I remember where my stubborn little mind drifted to after his remark, thinking to myself, “I’m just going to write nothing.” HA, yes that’ll show ‘em. In my stoic moment of galaxy brain proportions, I, Robby “BaeBae” Anderson will NOT write an intro waxing poetics about 2020, the flaming trash can that is somehow STILL BURNING. Or perhaps, I’ll write something short and sweet, a sentence that is both stabbing and hilarious like, “What a total shit show, anyway here’s ten movies.” Yet, here we are, in the year 2021, a cold night in my apartment; I am so reflective, I have more to say than short quips.

Even from the heat waves of summer, my life has changed. The Theater is closed (for now), I had to find another gig, which is actually pretty good so far. The world feels like it’s still on fire. In its best moments, it feels like the murky storm that washes the ashes away, leaving us to ruminate in the mud. I don’t feel all that cheery (couldn’t you tell?) and honestly, for many months, I’ve felt beatdown and unmotivated. Even doing the things I love have started to feel useless and I just want some level of normalcy to return. Even that feeling, longing for what I deemed “normal” comes with guilt. My year compared to a lot of folks hasn’t been all that bad. I’m here, and so many are not.

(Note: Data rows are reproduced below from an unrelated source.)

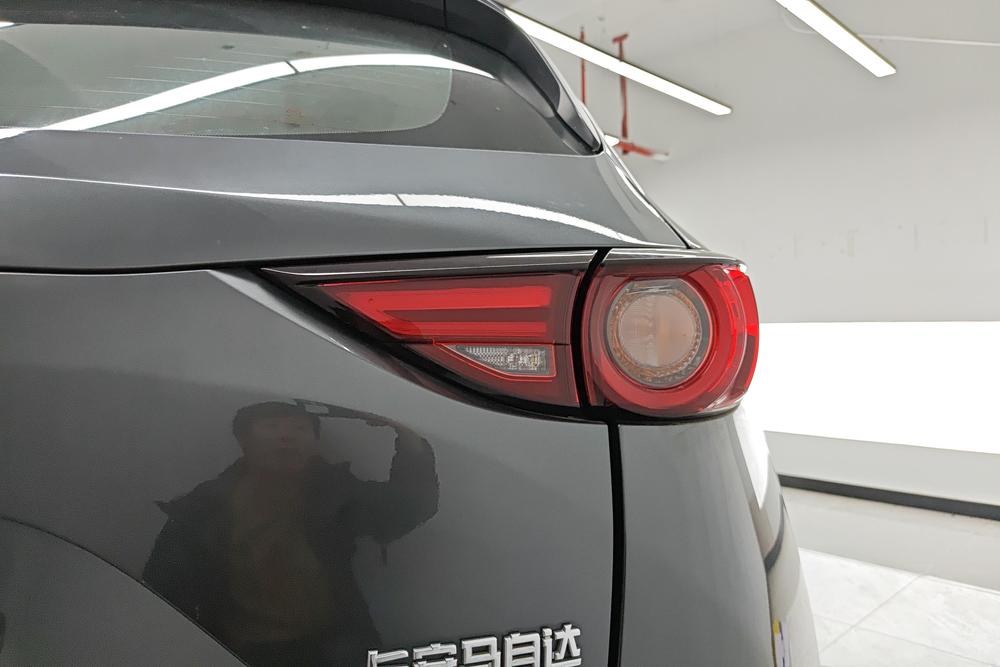 Mazda CX-5 2020 рестайлинг 2.0L автоматический передний привод, комплектация Zhizun - фото 5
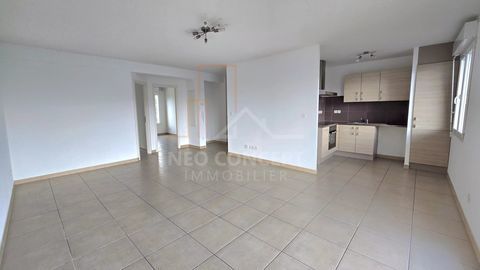   -- Quartier gare : 3 pi�ces avec terrasse -- Appartement - 3 pi�ce(s) - 60 m�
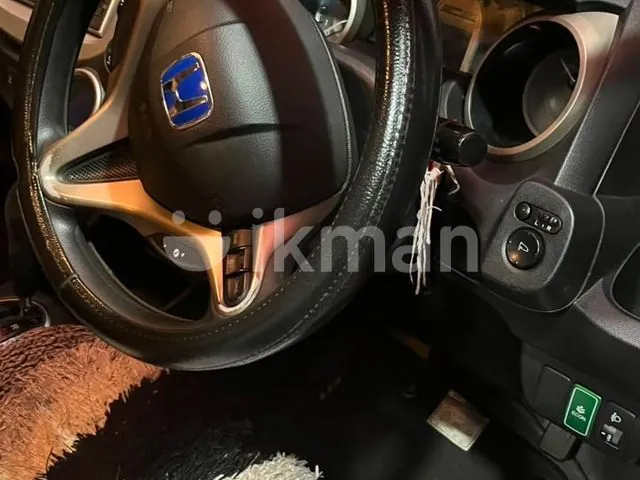 Honda Fit 2011 photo 4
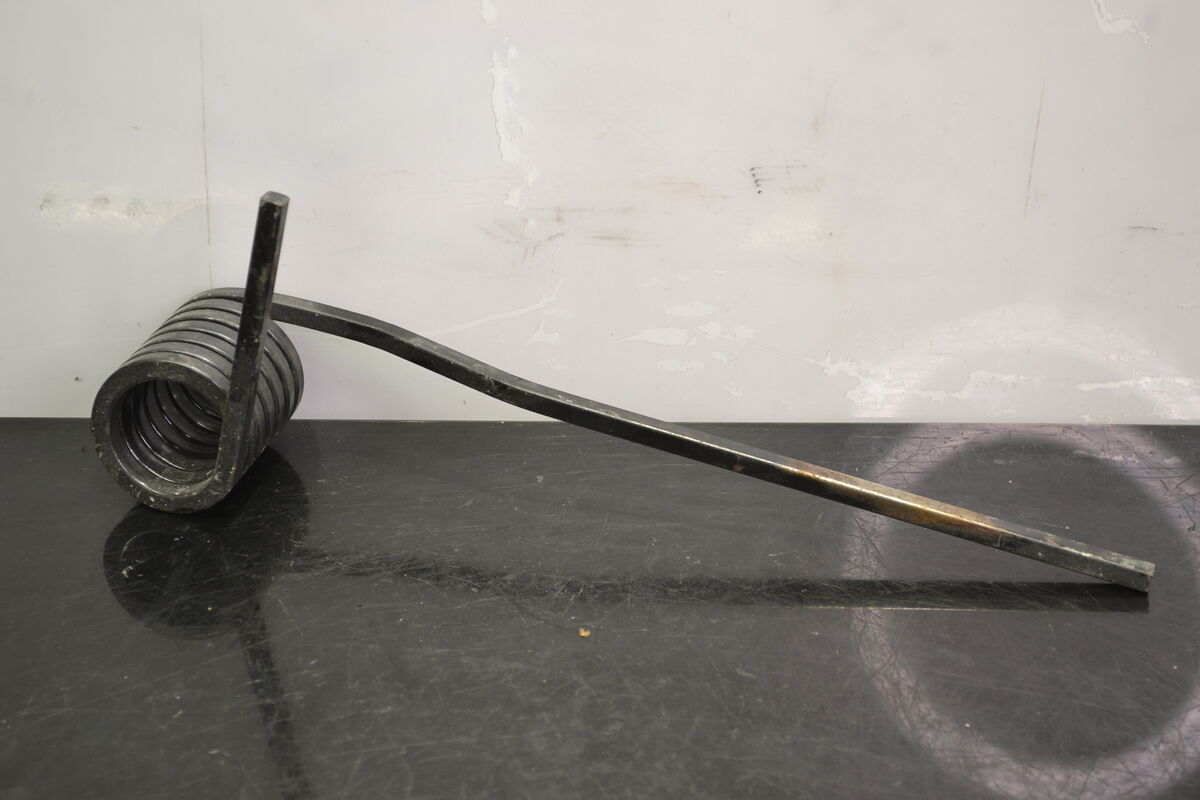 Bakfjädring fjäder höger Polaris STD, 7043860-329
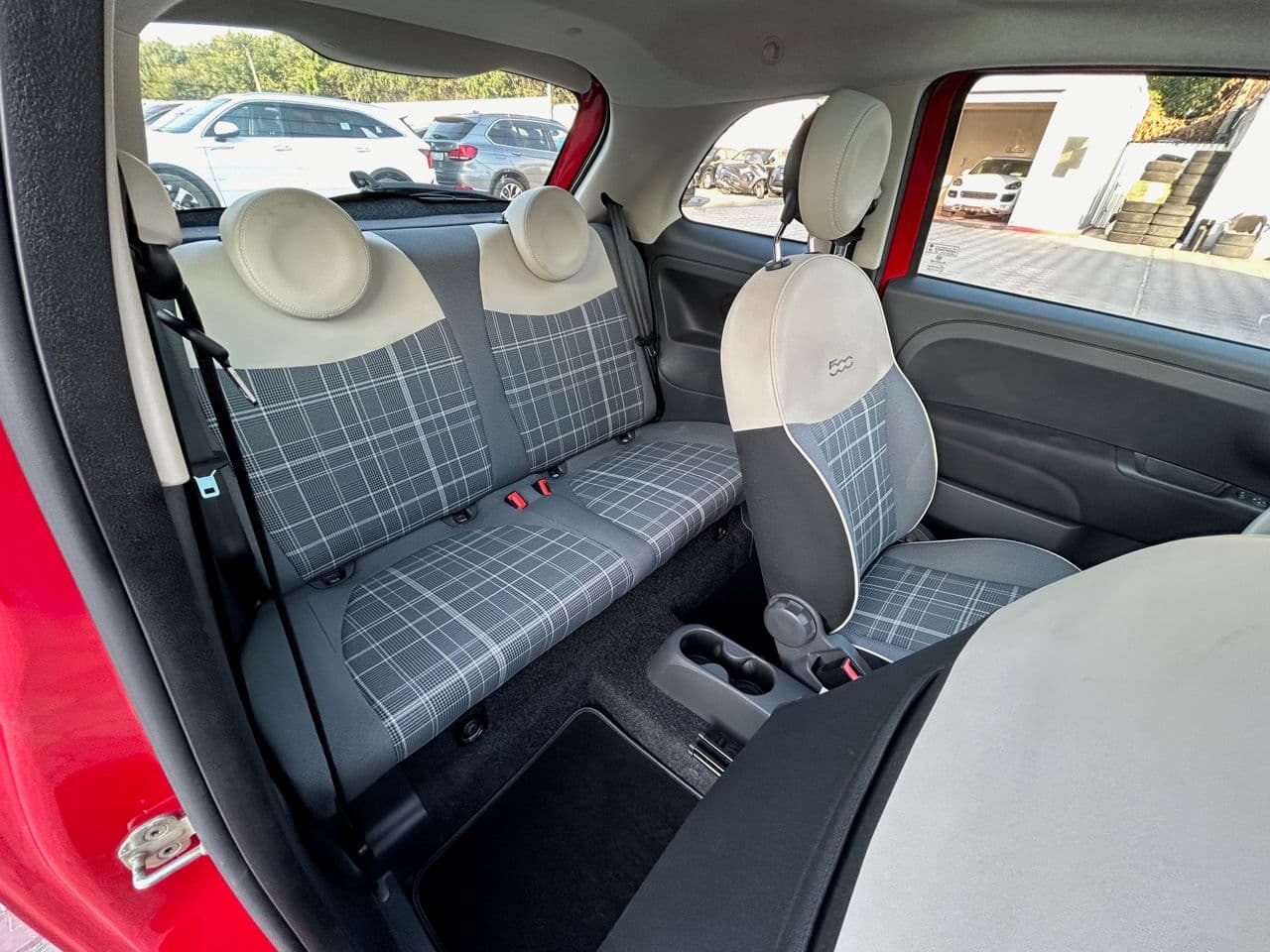 Fiat 500 2017 — Миниатюра 15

Something that glimmered throughout the year, like a bright flare through the smoggy pungent smoke: entertainment. Oh, glorious escape! While locked in our homes we bonded over zoom calls, discussing what our favorite heroes, villains, and little green babies were up to. It was as one 2020 fictional hero uttered, “VERY NIICE.” Stories exchanged around the virtual fire helped steer our conversations away from the trash can that is shockingly STILL BURNING.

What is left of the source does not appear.